И что из того, что защита не ставила вопрос о том, кто расстрелял пленных поляков: мы или они? Пусть такого права защите не дано, но она доказала по этому делу несостоятельность советской версии, хотя и не приписала вину советским властям. Однако страшный вывод напрашивался сам собой и был косвенно подтвержден решением суда: «За недостатком доказательств не включать дело о катынских расстрелах в приговор Международного военного трибунала». В задачу Трибунала не входил поиск других виновных, пусть даже в тягчайших преступлениях против человечности. Поиски эти могли бы помешать работе международного судебного процесса, который несмотря на все трудности должен был состояться, ибо этого требовало человечество, истерзанное нацистскими зверствами и долгой кровавой войной.

Что же должны были чувствовать и думать советские граждане, присутствовавшие на заседании суда в «черный день Нюрнбергского процесса»? Именно так мы, не сговариваясь, назвали день 1 июля 1946 года.

Для меня это был действительно черный день хотя я была всего лишь переводчиком в зале суда. Слушать и переводить показания свидетелей мне было несказанно тяжело, и не из-за сложности перевода, а на сей раз из-за непреодолимого чувства стыда за моё единственное многострадальное Отечество, которое не без основания можно было подозревать в совершении тягчайшего преступления.

В этом, к моему великому ужасу, и заключалась Правда, ничего кроме Правды! Для того чтобы не усомниться в этом и доказать себе правомерность столь тяжкого обвинения, мне было достаточно вспомнить очередь измученных горем родственников советских заключенных во дворе дома № 24 на Кузнецком Мосту, в которую мы вставали на рассвете. Мы дожидались, когда откроется дверь в приемную НКВД, и выслушивали трафаретные ответы дежурных энкаведистов. Протягивая в маленькое окошко в толстой зеленой стене паспорт, большинство слышало неизменный ответ: «Десять лет без права переписки». Это, как правило, означало: расстрел!

Даже самые ярые сталинисты не сомневаются, что в годы советской власти такие ответы услышали миллионы и миллионы. Они давались всеми действующими в крупных городах приемными НКВД ежедневно с 9 до 18 часов, кроме выходных и праздничных дней.

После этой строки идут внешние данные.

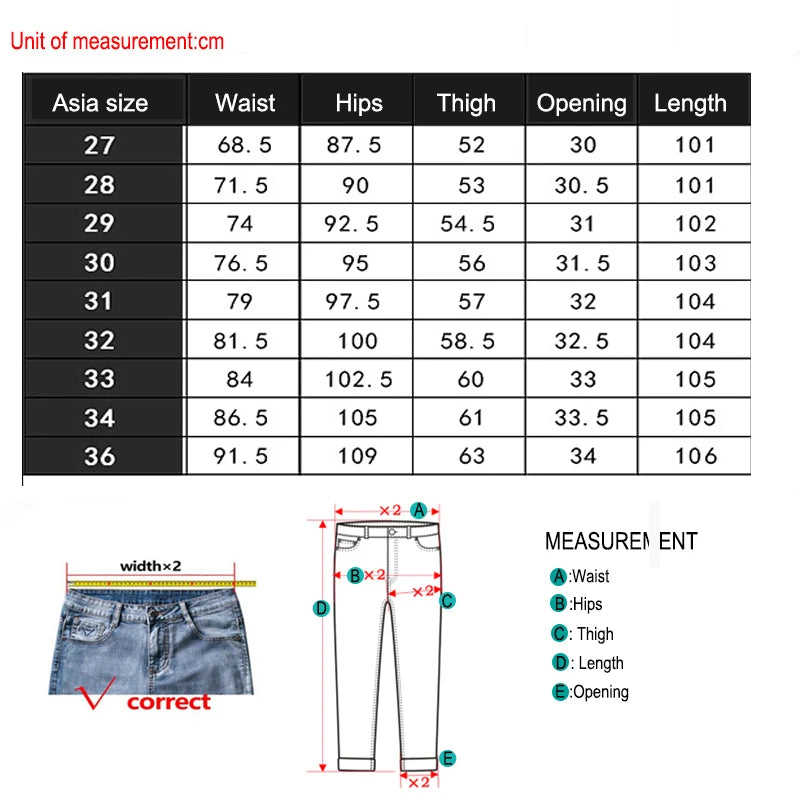 Grey Denim Jeans Male Elastic Pants Fashion Men's Long Thin slim fit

Через десятилетия узнаем мы об огромных массовых захоронениях на территории СССР, но это будет потом. А пока в Нюрнберге свидетель Аренс в своих показаниях суду только упомянул о безымянных неглубоких могилах в Катынском лесу, где лежали разложившиеся трупы и рассыпавшиеся скелеты. Судя по состоянию останков, это были наши соотечественники, расстрелянные еще задолго до войны.

О наших соотечественниках в Нюрнберге не говорилось ни слова. Речь шла только об убиенных поляках, и память, которая в таких жизненных обстоятельствах почему-то отказывается нам подчиняться и, работая по своим законам, высвечивает какое-то одно событие, или чье-нибудь давно забытое лицо, заставила меня в этот день вспомнить рассказ моей мамы об участи одного молодого поляка, сына главного архитектора Варшавы (фамилии его я не помню). Он попал в Колымские лагеря вместе с тысячами своих соотечественников после «победного» вступления нашей армии в Польшу осенью 1939 года, когда нас связывала с гитлеровской Германией трогательная дружба и мы сообща ликвидировали польское государство.

Юноша умер в колымской лагерной больнице от обморожения и дистрофии. Умирая, он просил написать о его смерти в Варшаву бабушке и маме. Эту его последнюю просьбу моя мама выполнить не могла — ведь тогда она сама была заключенной и не могла написать даже своим детям! В больницу маму взяли санитаркой, по ее словам, то ли с лесоповала, то ли из вышивального цеха. Единственное, чем она могла помочь, было дополнительное питание для умирающего, которое она доставала с большим трудом. Спасти поляка не удалось. Его с фанерной биркой на ноге вместе с другими умершими заключенными опустили в братскую безымянную могилу. На бирке стоял номер личного дела… Когда мама вышла из лагеря, была война, а теперь уже вряд ли кто-нибудь из родственников юноши остался в живых!